Non è pensabile, ha continuato Frasi, lasciare l’applicazione del principio partecipativo alle singole soggettività; al contrario, bisogna estenderne la portata a tutti i livelli per garantire il carattere collettivo dell’impresa.

Si parte, allora, dall’elezione del consiglio d’amministrazione (che deve rappresentare non tanto il territorio in cui opera la cooperativa, ma soprattutto le varie tipologie di servizi che fornisce) alla partecipazione dei soci nelle decisioni di politica retributiva e nella stesura dei piani di investimenti.

Non solo: a ogni singolo componente della cooperativa deve essere garantita informazione (preventiva) e formazione, in un processo che si stratifica nel tempo e che non si esaurice, al contrario, in un singolo momento.
Se si pensa a un’azienda come composta da una testa (la direzione) e un corpo (i soci), dice Frasi, quello che bisogna perseguire “è un modello che renda la testa non autosufficiente dal corpo, e ponga tutti allo stesso livello di partecipazione”.

La realizzazione di un simile modello di impresa (che si distingue cioè dalle aziende “tradizionali” per la sua governance partecipativa) rappresenta il passaggio “da un’ottica individuale a una condivisa e collettiva”, come ha sottolineato Annalisa Casino, presidente della coop Eticae.

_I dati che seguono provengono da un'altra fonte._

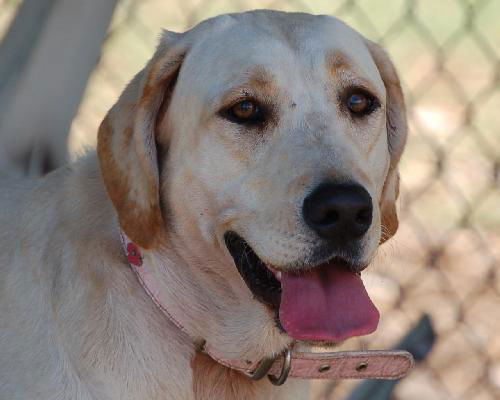 Maddie the Yellow Lab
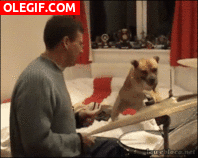 GIF: Mira a este perro tocando la batería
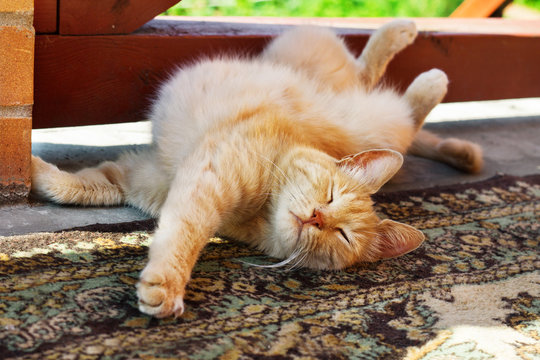 lazy red cat scratching himself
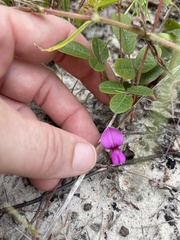 Galactia mollis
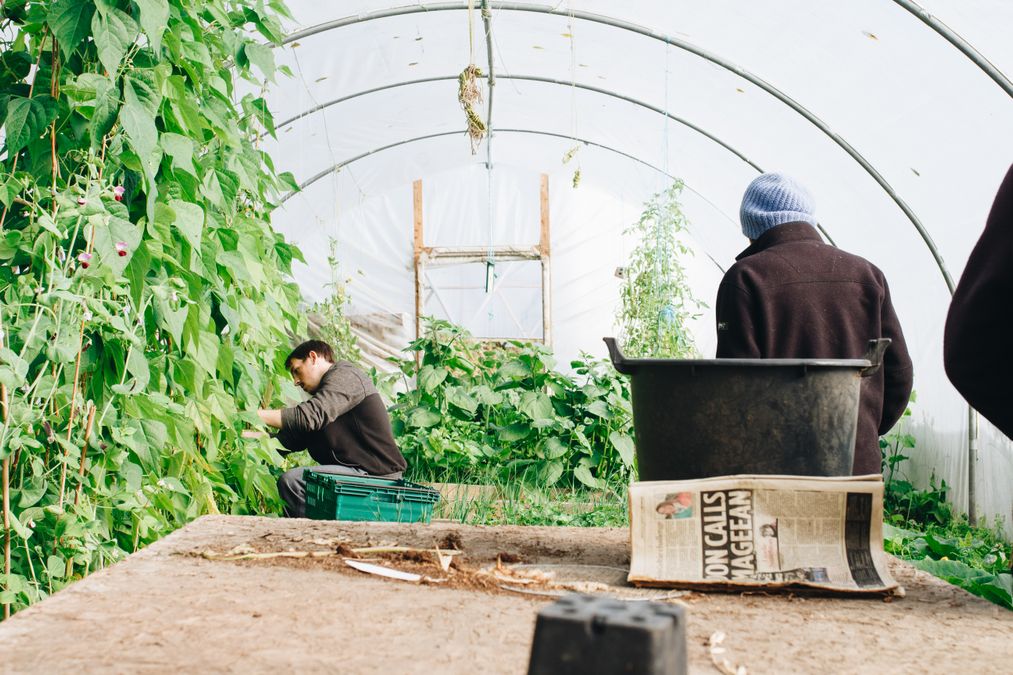 LED Grow Lampe Vollspektrum Test 2026: Was Zimmerpflanzen wirklich brauchen (SANlight, Mars Hydro, E27-Alternativen im PPF-Vergleich)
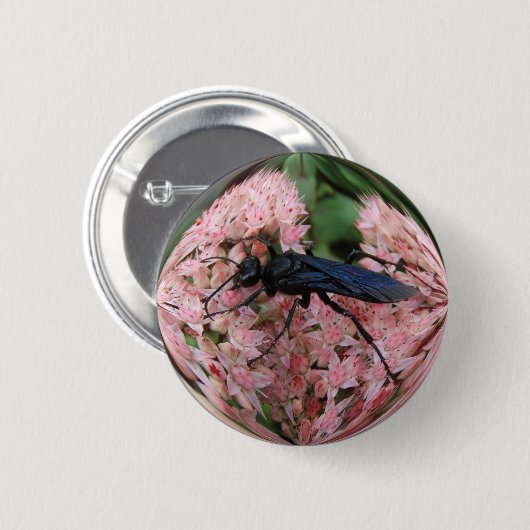 SchlammDauber ~ Knopf Button (Vorne & Hinten)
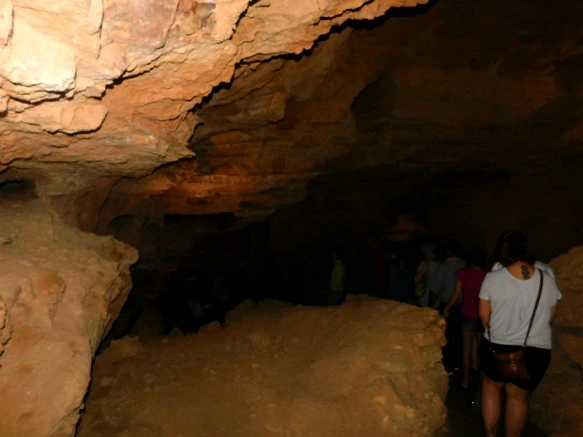 99DBF7505B4405972E1099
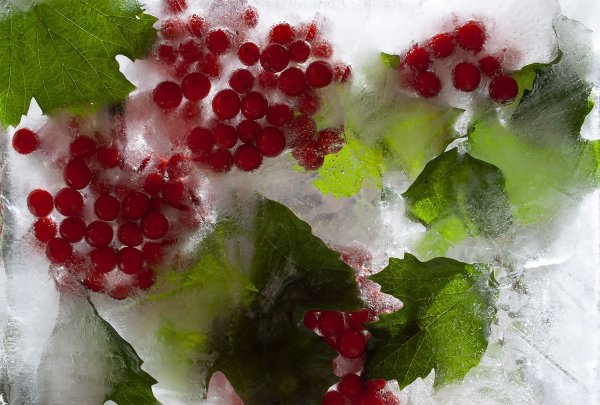 Цветы во льду фото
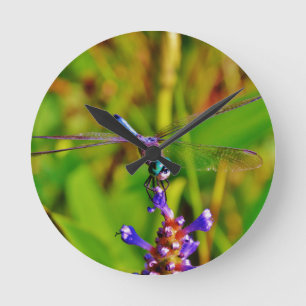 Teal Rainbow Dragonfly Round Clock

Il principio di collaborazione, unito a quello di assunzione condivisa di responsabilità, può essere ben racchiuso nel termine “stewardship”, che nella sua applicazione all’interno della gestione delle cooperative conduce a un equilibrio dei poteri e all’affidamento alla leadership di una gestione etica dell’impresa.

Il principio di stewardship, ha detto Casino, è oggi particolarmente importante in quanto “risponde alla necessità del mondo produttivo di soddisfare i bisogni etici e di consumo critico”; esso permette alle imprese che lo mettono in pratica “una collocazione diversa sul mercato, dando un valore maggiore a ciò che viene fatto dentro l’organizzazione stessa, sia dal punto di vista della produzione, sia della governance aziendale”.

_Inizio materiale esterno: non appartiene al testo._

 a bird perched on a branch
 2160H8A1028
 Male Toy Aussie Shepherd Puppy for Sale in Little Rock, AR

Inserite in un contesto globale e strettamente attuale, le imprese a gestione partecipata contengono in sé un altissimo potenziale, come spiegato anche dal giornalista e filosofo Roberto Ciccarelli: quello di proteggersi dalle “aggressioni sia del mercato sia dello Stato, che tassa i più deboli. Le forme di cooperazione e mutualismo possono costituire una resistenza alla dismissione del welfare e dare vita a una nuova forma di convivenza sociale”.

Già in altri Paesi europei come la Francia e il Belgio, ha continuato Ciccarellli, è in atto una riscoperta di quelle piccole e medie società di mutuo soccorso che si costituirono tra la fine dell’ Ottocento e l’inizio del Novecento.
Oggi queste ritornano all’attenzione come risposta a un’emergenza sociale europea, perchè in una società di capitalismo avanzato, il ricorso a uno spirito cooperativo consente di unire produzione e resistenza: non arrendersi alla perdita delle garanzie sociali ma, al tempo stesso, non rinunciare all’imprenditorialità.